I only proved $\implies$.
If $f$ is continuous then for any $X\subset M$,
$X\subset f^{-1}[f(X)]\subset f^{-1}\left[\overline{f(X)}\right]=\overline{f^{-1}\left[\overline{f(X)}\right]}$
therefore
$\overline{X}\subset f^{-1}\left[\overline{f(X)}\right]\implies f\left(\overline{X}\right)\subset \overline{f(X)}.$
The other side must be the same idea but I don't know why I can't prove it.

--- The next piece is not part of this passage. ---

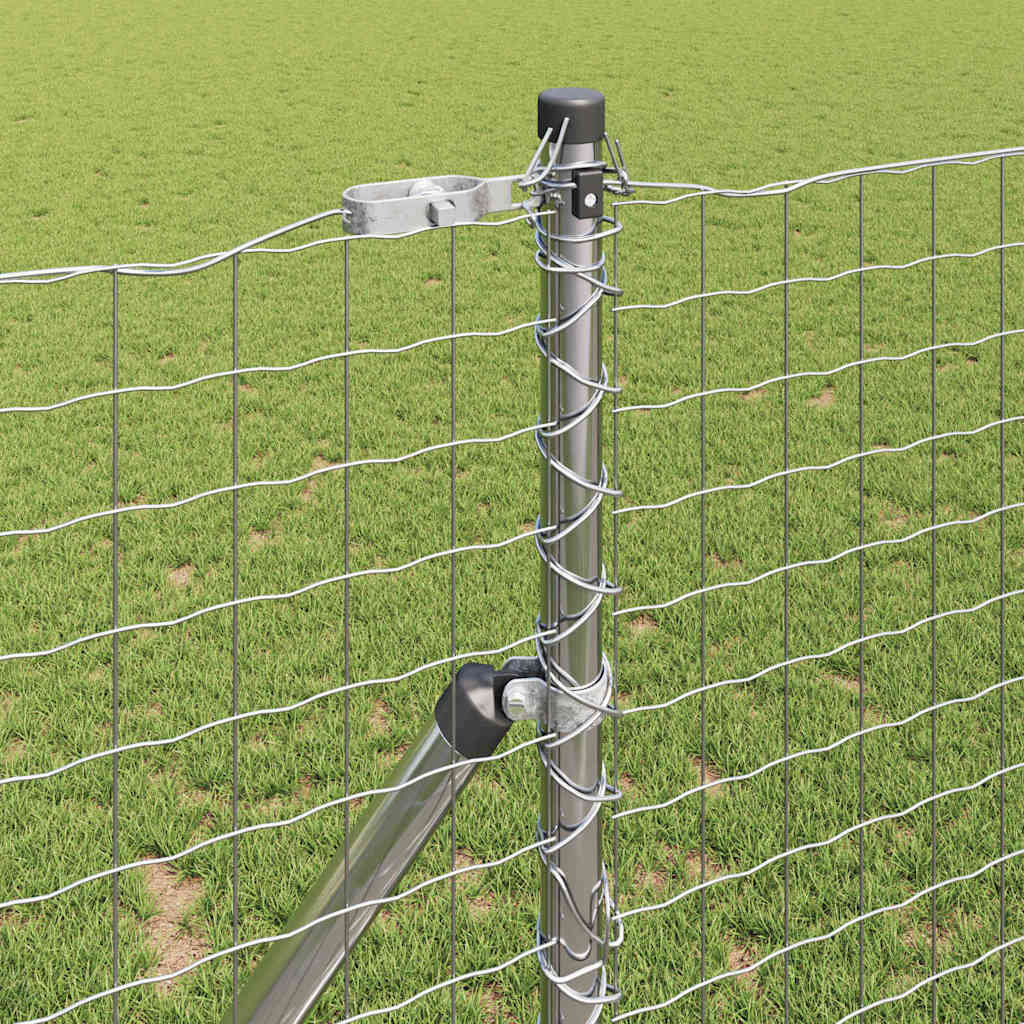 Stängsel med stolpe Silver 1 x 10 m Stål och PVC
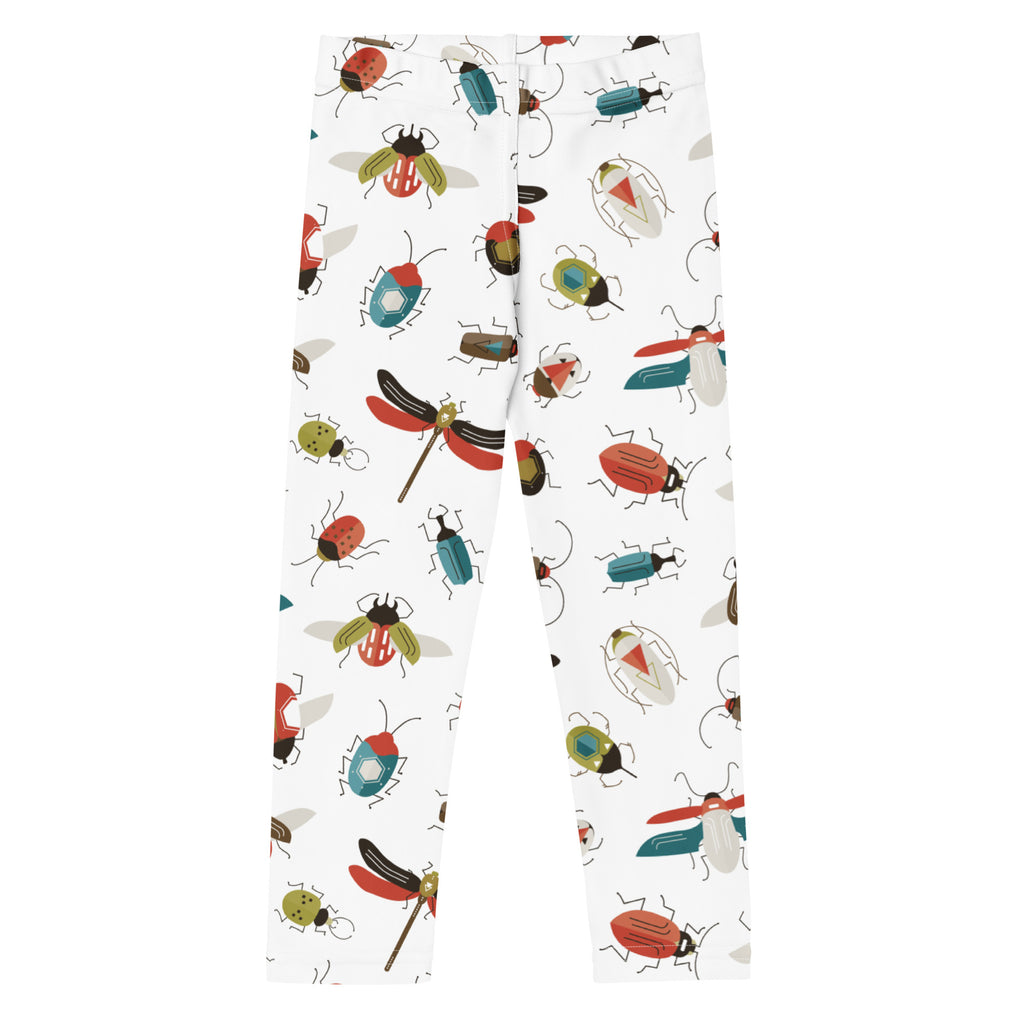 White kids bug print buttery soft leggings with colorful cartoon beetles flies and dragonflies pattern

Added: With exactly same idea when I proved $\implies$ I did proved $\Longleftarrow$,
Let $F\subset N$ any closed set then:
$f\left[f^{-1}(F)\right]\subset f\left[ \overline{f^{-1}(F)}\right]\subset \overline{f\left[ f^{-1}(F)\right]}\subset \overline{F}=F$
in particular
$f\left[ \overline{f^{-1}(F)}\right]\subset F\implies f^{-1}(F)\supset\overline{f^{-1}(F)}$
then $f^{-1}(F)=\overline{f^{-1}(F)}$ and $f$ is continuous.